━━ Source data
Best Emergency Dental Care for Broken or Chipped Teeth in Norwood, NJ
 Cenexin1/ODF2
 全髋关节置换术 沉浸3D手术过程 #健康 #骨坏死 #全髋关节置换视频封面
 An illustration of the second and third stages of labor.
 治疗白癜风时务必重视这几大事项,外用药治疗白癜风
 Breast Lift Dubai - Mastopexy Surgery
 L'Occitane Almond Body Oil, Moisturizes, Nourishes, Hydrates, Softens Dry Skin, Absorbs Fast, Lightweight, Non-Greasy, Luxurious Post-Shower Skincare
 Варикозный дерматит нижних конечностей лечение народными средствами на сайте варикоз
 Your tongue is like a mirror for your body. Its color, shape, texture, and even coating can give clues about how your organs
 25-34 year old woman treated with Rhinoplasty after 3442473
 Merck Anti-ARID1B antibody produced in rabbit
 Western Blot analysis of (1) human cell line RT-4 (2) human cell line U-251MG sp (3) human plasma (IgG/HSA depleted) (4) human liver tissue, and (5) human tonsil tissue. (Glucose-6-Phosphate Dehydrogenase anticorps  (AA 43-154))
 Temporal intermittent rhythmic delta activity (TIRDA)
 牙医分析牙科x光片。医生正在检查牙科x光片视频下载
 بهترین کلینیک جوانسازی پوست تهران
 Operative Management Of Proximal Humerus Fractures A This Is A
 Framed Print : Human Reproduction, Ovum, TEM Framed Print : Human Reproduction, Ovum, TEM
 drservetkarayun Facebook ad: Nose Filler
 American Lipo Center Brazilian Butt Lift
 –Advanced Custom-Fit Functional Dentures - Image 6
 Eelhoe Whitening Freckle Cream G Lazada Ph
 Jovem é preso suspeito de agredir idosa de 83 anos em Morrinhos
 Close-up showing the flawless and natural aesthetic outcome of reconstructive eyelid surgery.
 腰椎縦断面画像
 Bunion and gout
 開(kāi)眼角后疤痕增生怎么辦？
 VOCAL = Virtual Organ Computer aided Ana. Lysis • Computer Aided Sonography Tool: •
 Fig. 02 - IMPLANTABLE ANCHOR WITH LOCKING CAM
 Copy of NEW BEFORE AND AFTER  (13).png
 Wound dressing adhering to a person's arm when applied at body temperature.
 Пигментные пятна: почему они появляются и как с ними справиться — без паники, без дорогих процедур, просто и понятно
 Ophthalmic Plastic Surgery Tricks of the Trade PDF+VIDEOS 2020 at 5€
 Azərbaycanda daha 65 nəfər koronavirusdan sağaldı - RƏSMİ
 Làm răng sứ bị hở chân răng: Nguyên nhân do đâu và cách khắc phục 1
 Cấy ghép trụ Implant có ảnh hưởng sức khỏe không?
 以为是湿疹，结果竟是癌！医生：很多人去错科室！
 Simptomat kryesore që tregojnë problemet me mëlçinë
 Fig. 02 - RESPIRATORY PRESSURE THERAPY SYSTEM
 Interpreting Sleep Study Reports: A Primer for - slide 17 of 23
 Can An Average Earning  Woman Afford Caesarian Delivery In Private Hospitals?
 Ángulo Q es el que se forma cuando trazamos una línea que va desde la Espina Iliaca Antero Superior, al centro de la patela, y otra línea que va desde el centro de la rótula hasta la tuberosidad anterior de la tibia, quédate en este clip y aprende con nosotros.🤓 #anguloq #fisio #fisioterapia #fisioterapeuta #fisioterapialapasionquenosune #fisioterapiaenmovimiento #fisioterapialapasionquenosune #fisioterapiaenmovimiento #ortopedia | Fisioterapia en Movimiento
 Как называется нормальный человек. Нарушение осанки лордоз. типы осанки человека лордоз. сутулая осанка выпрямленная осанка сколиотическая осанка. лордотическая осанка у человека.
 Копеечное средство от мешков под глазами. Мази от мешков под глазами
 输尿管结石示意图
━━━━
To do:
Examine the records and pull out every line where the string "Lift" occurs.

Task output:
 Breast Lift Dubai - Mastopexy Surgery
 American Lipo Center Brazilian Butt Lift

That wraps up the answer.